● **WORK REQUIRED**:
If an entry holds a picture, drop the picture and restate the rest word for word.

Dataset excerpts
━━━━

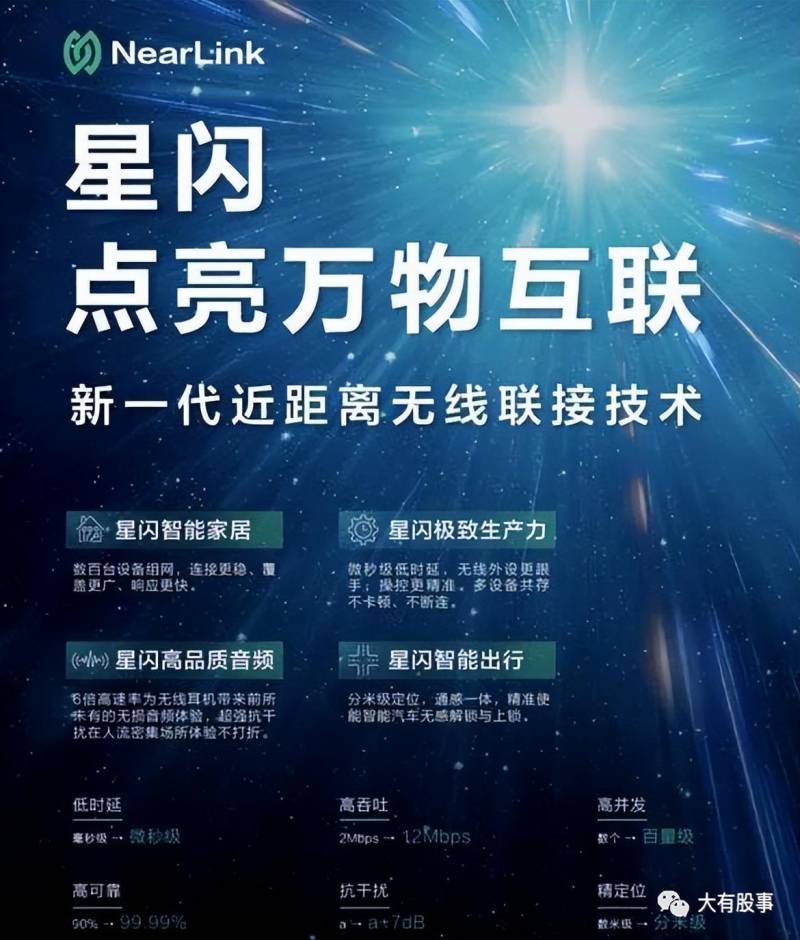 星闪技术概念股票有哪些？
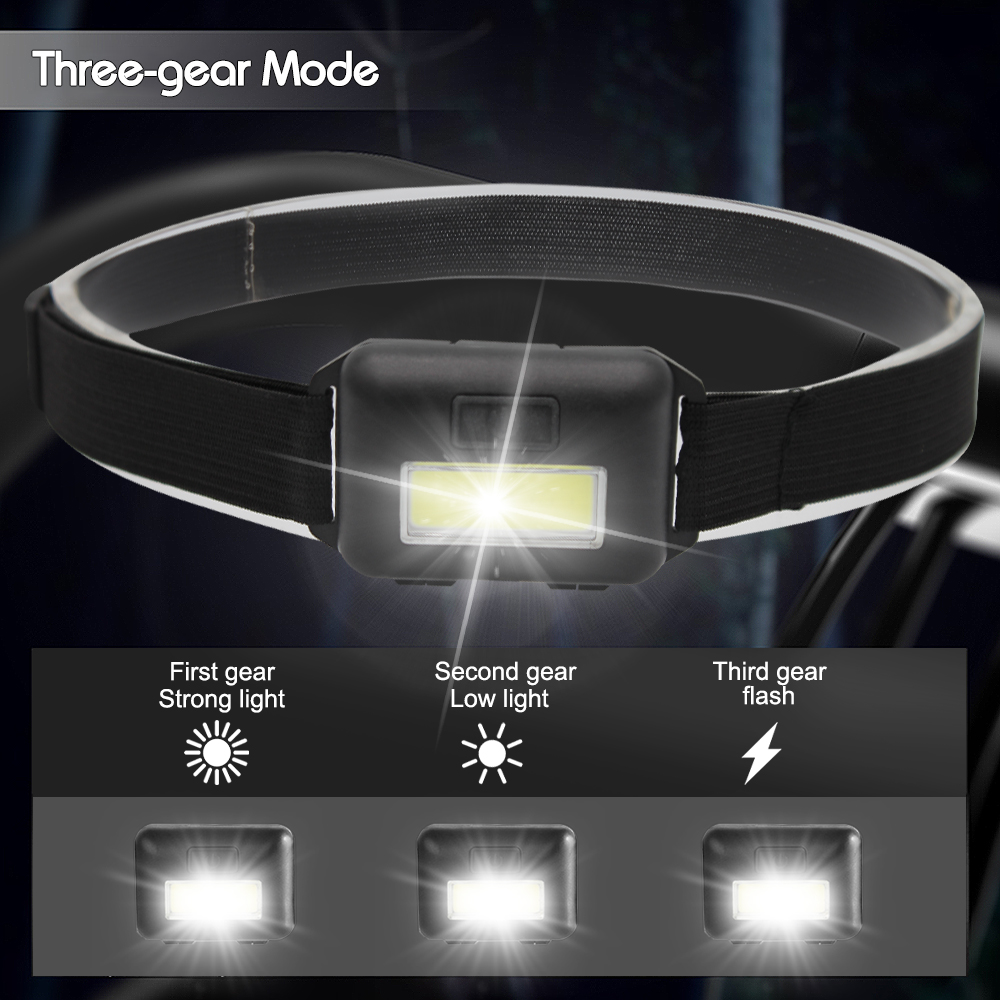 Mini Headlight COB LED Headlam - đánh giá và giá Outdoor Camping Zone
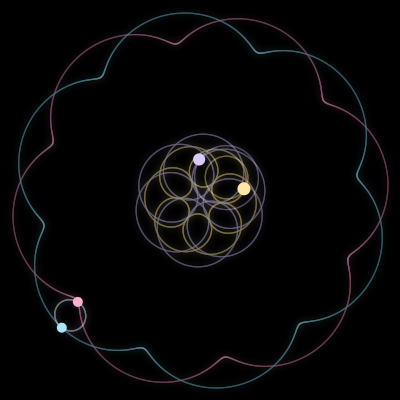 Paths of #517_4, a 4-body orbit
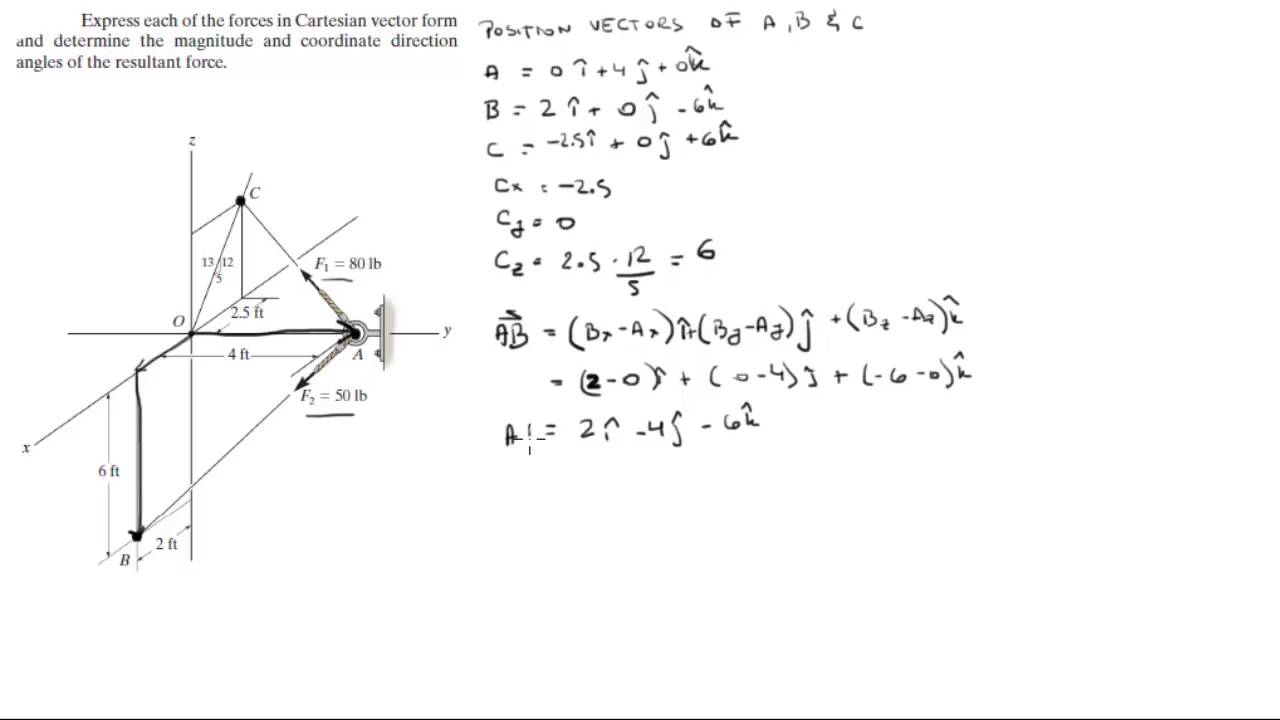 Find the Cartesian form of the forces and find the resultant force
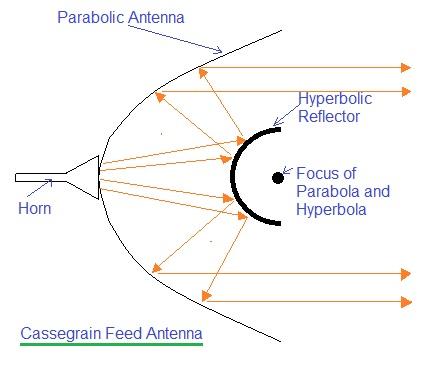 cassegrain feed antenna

━━━━

● **ANSWER FOR THE TASK**:
 星闪技术概念股票有哪些？
 Mini Headlight COB LED Headlam - đánh giá và giá Outdoor Camping Zone
 Paths of #517_4, a 4-body orbit
 Find the Cartesian form of the forces and find the resultant force
 cassegrain feed antenna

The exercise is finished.